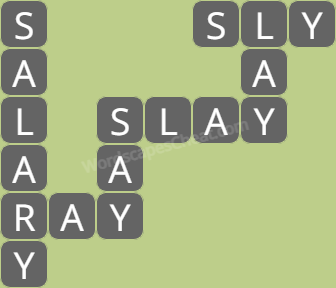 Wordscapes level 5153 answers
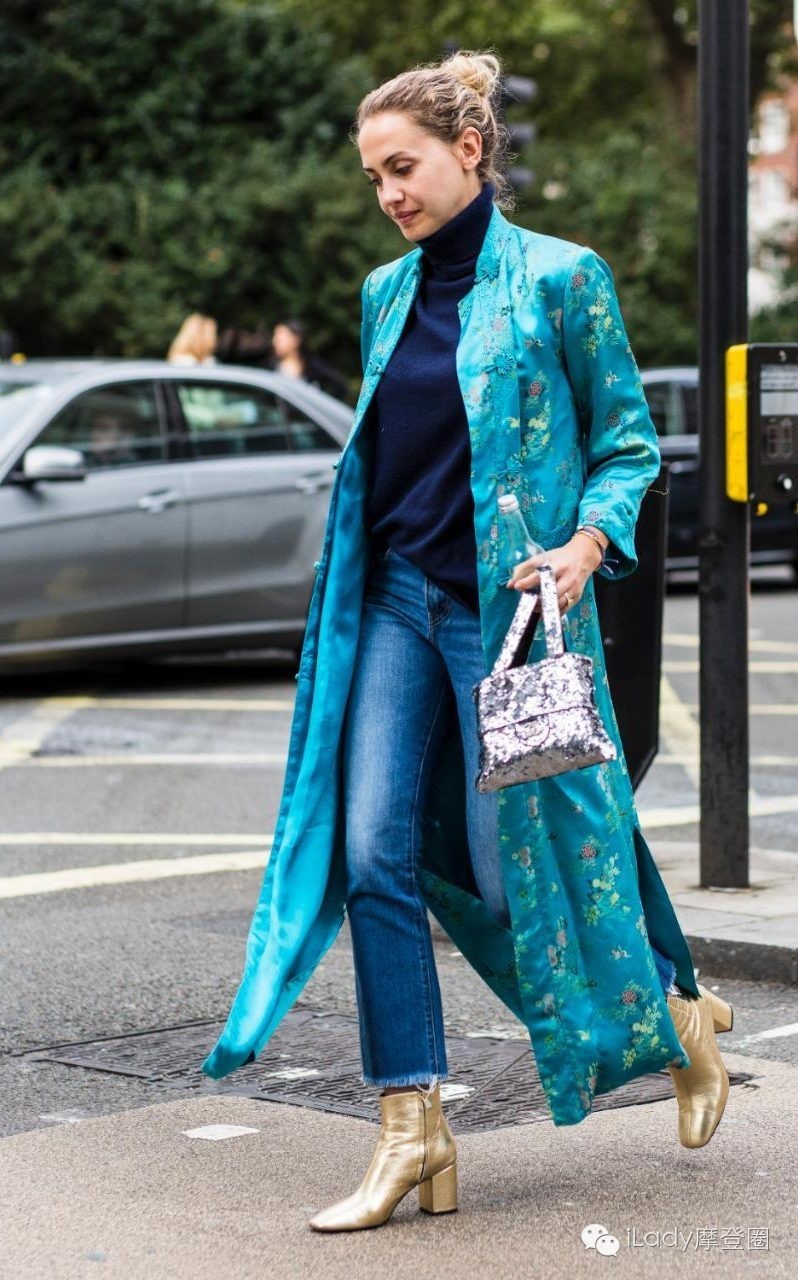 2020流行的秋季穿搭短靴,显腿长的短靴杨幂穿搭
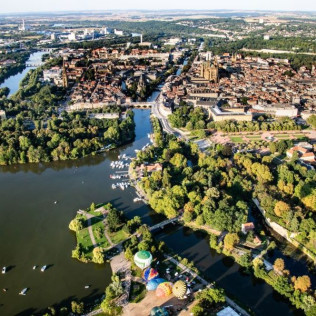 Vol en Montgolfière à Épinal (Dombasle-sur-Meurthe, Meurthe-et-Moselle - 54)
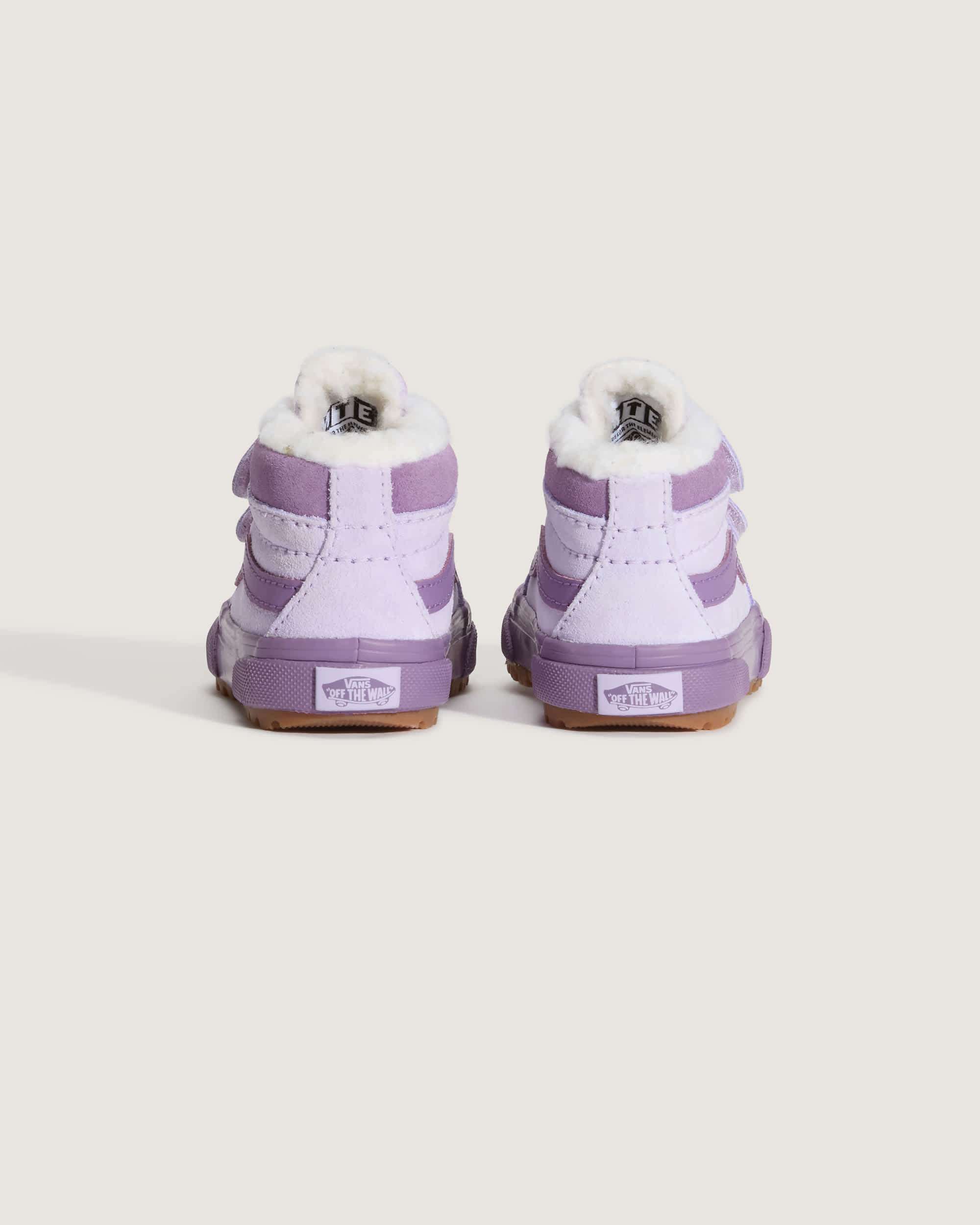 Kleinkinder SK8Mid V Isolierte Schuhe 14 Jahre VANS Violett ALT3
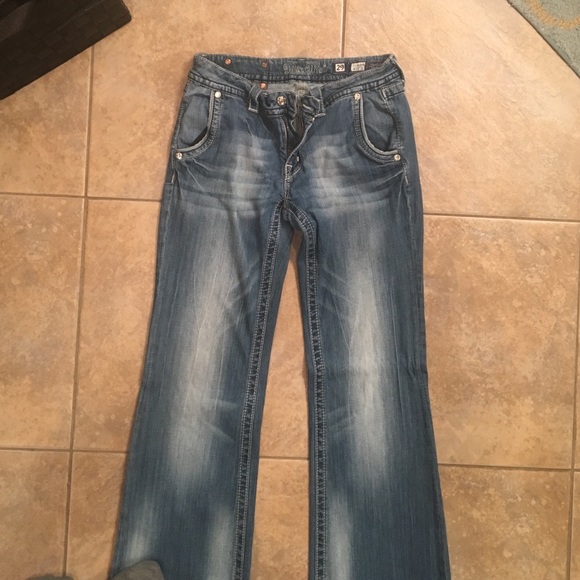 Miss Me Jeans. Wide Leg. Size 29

======

= Required action =
Once you find the line containing "Kleinkinder SK8Mid V", retype it and every line after it through the last line of the records above, exactly. Add nothing else, and leave out the pictures.

= Exercise response =
 Kleinkinder SK8Mid V Isolierte Schuhe 14 Jahre VANS Violett ALT3
 Miss Me Jeans. Wide Leg. Size 29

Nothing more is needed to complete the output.